Hepimizin hafızalarında yaşayan o korkunç görüntüsünde olduğu gibi, yüzü parçalanırken, bir gözü görmez oldu, diğeri ise görme yeteneğini büyük ölçüde kaybetti. O gün harap olan binalar şimdi onarıldı. Ancak yıkılan hayatlar yaşadıkları dramla baş başa kaldılar. İşte Oktay Gemici onlardan biri... Tempo Dergisi’den Nilüfer Kas, o yıkık hayatı kaleme aldı...
Patlamadan 22 dakika sonra amatör bir fotoğrafçı tarafından bulunması sayesinde hayatta kalabilen Oktay Gemici’nin o tam sayfa çıkan resmi patlamanın simgelerinde bir haline gelmişti. Bir 15 Kasım günü küçükken babasız kalan Oktay Gemici az daha hayatını kaybedecekti. Ama amatör fotoğrafçı Alp Sime tarafından bulunarak hastaneye kaldırılması sağlanan Oktay Gemici, 6 saat süren ameliyatla yüzü bir telle tutturuldu. Bir iki hafta içinde iyileşeceğini sanırken, iki hafta sonra bir gözünün kör olduğunu, diğerinin ise hayal meyal görüntüleri seçebildiğini anladı.
ACI ÜSTÜNE ACI
Birbirini takip eden ameliyatlardan sonra zorlu ve acılı günler geçiren Oktay Gemici, bu hafta yayınlanan Tempo Dergisi’ne verdiği röportajda, ‘Tüm bunlara rağmen yaşamam güzel. Herşeye rağmen çocuklarımın yanında olmak güzel’ dedi. Ama Gemici, bir gözünü kaybetmenin acısını, ‘Şimdi traş olurken bile yeniden yaşıyorum’ sözleriyle ifade etti. Bir de patlamadan birkaç ay sonra yaşadığı bir başka anının kendisini hepten yıktığını ifade etti. Gemici o anıyı şöyle anlattı: ‘Oğlumun okulunda veli toplantısı vardı. Ama oğlum bana ‘Baba, toplantıya gelme, arkadaşlarımın senden korkmasını istemiyorum’ dedi. Bir baba olarak bunu duymayı istemezdim. Ölümden döndüm, ama hiçbirşey eskisi gibi olmadı.’ Oktay Gemici için hiçbirşey eskisi gibi olamadı. Yeniden işine dönemedi.
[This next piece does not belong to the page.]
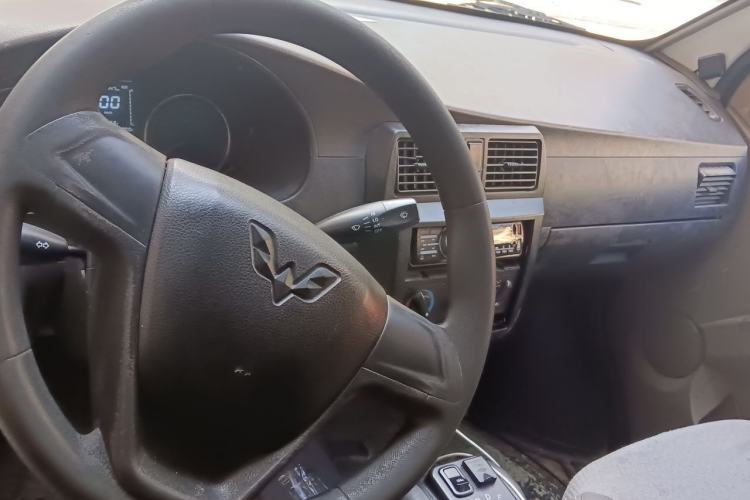 Used Wuling EV50 2020 Pure Electric Van Logistics Vehicle – Penghui Non-Heated Battery Center Console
Malulen emekli oldu. Acılarına başka acılar da eklendi. Hastanede yatarken gelen gideni çok oldu, bol bol vaatler ve sözler verildi. Ama hastaneden çıkınca kimse kapısını çalmadığını söyledi. Gemici bu acısını da şöyle dile getirdi: ‘Musevi toplumundan, Hahambaşılıktan şunu beklerdim; bu saldırıdan sonra bizi yalnız bırakmamalıydılar. Devletse onarılması güç yaraları tedavi etmek yerine, tamir etmeyi tercih etti.’
Astsubay iken terörün en azgın günlerinde dağda bayırda mücadele eden Oktay Gemici İstanbul’un göbeğinde bir bombanın kurbanı olmanın acısını, eşinin ve çocuklarının sevgisiyle dindirmeye çalıştığını söyledi.